DATA EXTRACTS section start

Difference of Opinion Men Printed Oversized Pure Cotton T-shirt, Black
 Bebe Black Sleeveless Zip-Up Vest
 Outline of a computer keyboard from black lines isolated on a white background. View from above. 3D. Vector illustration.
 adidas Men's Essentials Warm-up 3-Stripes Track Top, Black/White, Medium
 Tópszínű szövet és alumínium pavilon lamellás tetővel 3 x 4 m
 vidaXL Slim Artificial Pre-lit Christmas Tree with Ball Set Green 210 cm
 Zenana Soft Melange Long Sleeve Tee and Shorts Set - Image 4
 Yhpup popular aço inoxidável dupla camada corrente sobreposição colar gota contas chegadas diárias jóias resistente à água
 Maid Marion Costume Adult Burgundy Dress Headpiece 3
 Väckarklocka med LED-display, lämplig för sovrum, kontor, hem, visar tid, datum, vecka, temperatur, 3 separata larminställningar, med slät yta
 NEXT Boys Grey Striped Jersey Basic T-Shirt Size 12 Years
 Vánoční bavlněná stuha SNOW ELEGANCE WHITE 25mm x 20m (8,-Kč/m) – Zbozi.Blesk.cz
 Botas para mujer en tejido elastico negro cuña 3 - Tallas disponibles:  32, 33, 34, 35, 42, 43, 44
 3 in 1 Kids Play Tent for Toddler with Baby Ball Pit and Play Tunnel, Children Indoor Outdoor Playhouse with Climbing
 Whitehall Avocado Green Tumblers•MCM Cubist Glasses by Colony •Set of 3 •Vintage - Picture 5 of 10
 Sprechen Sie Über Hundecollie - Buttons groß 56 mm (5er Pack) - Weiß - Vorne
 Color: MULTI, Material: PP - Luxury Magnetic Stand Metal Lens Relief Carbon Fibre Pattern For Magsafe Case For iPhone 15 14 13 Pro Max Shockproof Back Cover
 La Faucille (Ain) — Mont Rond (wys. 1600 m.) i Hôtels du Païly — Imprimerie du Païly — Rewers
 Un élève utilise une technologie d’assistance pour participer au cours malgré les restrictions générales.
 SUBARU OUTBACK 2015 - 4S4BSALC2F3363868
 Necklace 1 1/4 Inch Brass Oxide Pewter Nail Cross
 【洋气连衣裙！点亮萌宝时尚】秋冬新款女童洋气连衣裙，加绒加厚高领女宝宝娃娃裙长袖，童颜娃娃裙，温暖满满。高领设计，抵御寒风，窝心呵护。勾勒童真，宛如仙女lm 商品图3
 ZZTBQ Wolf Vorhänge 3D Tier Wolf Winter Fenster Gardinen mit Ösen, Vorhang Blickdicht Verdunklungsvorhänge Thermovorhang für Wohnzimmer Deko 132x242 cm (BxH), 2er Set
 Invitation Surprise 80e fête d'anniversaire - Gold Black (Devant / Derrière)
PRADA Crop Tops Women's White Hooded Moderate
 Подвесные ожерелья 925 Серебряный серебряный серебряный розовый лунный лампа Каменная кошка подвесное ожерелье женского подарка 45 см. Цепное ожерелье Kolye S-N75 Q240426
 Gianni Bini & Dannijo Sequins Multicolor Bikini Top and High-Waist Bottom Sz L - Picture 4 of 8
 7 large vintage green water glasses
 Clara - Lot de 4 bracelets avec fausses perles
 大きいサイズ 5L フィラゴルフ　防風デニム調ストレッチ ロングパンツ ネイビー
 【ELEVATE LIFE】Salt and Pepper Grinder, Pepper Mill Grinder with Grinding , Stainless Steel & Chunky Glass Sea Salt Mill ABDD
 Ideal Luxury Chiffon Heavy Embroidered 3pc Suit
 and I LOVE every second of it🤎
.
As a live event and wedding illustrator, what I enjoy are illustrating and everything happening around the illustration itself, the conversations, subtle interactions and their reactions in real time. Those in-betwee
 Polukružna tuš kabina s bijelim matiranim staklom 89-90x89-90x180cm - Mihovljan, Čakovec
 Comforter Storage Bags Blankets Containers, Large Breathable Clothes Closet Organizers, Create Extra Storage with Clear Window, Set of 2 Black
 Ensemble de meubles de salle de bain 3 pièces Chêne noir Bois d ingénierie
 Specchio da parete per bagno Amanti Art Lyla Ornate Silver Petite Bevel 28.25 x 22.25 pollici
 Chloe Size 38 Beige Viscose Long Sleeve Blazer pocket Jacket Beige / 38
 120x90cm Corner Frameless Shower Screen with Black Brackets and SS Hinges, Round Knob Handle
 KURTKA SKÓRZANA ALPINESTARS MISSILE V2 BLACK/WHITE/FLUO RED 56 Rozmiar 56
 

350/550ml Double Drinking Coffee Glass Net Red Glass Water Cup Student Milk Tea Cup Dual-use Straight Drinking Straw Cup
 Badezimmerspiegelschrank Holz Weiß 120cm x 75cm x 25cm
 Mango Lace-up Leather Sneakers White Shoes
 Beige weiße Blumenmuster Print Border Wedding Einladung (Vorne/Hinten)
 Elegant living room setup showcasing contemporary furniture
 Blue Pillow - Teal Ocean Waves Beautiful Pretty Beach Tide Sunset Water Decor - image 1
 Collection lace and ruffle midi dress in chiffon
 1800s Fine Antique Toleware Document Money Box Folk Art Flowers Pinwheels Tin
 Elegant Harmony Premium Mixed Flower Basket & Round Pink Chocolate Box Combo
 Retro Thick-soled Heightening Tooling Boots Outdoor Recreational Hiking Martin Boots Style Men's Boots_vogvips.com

DATA EXTRACTS section end

In the listing above, the lines from the one containing "120x90cm Corner Frameless" through the last line are to be returned exactly.

OUTPUT FOR THIS TASK =>
 120x90cm Corner Frameless Shower Screen with Black Brackets and SS Hinges, Round Knob Handle
 KURTKA SKÓRZANA ALPINESTARS MISSILE V2 BLACK/WHITE/FLUO RED 56 Rozmiar 56
 

350/550ml Double Drinking Coffee Glass Net Red Glass Water Cup Student Milk Tea Cup Dual-use Straight Drinking Straw Cup
 Badezimmerspiegelschrank Holz Weiß 120cm x 75cm x 25cm
 Mango Lace-up Leather Sneakers White Shoes
 Beige weiße Blumenmuster Print Border Wedding Einladung (Vorne/Hinten)
 Elegant living room setup showcasing contemporary furniture
 Blue Pillow - Teal Ocean Waves Beautiful Pretty Beach Tide Sunset Water Decor - image 1
 Collection lace and ruffle midi dress in chiffon
 1800s Fine Antique Toleware Document Money Box Folk Art Flowers Pinwheels Tin
 Elegant Harmony Premium Mixed Flower Basket & Round Pink Chocolate Box Combo
 Retro Thick-soled Heightening Tooling Boots Outdoor Recreational Hiking Martin Boots Style Men's Boots_vogvips.com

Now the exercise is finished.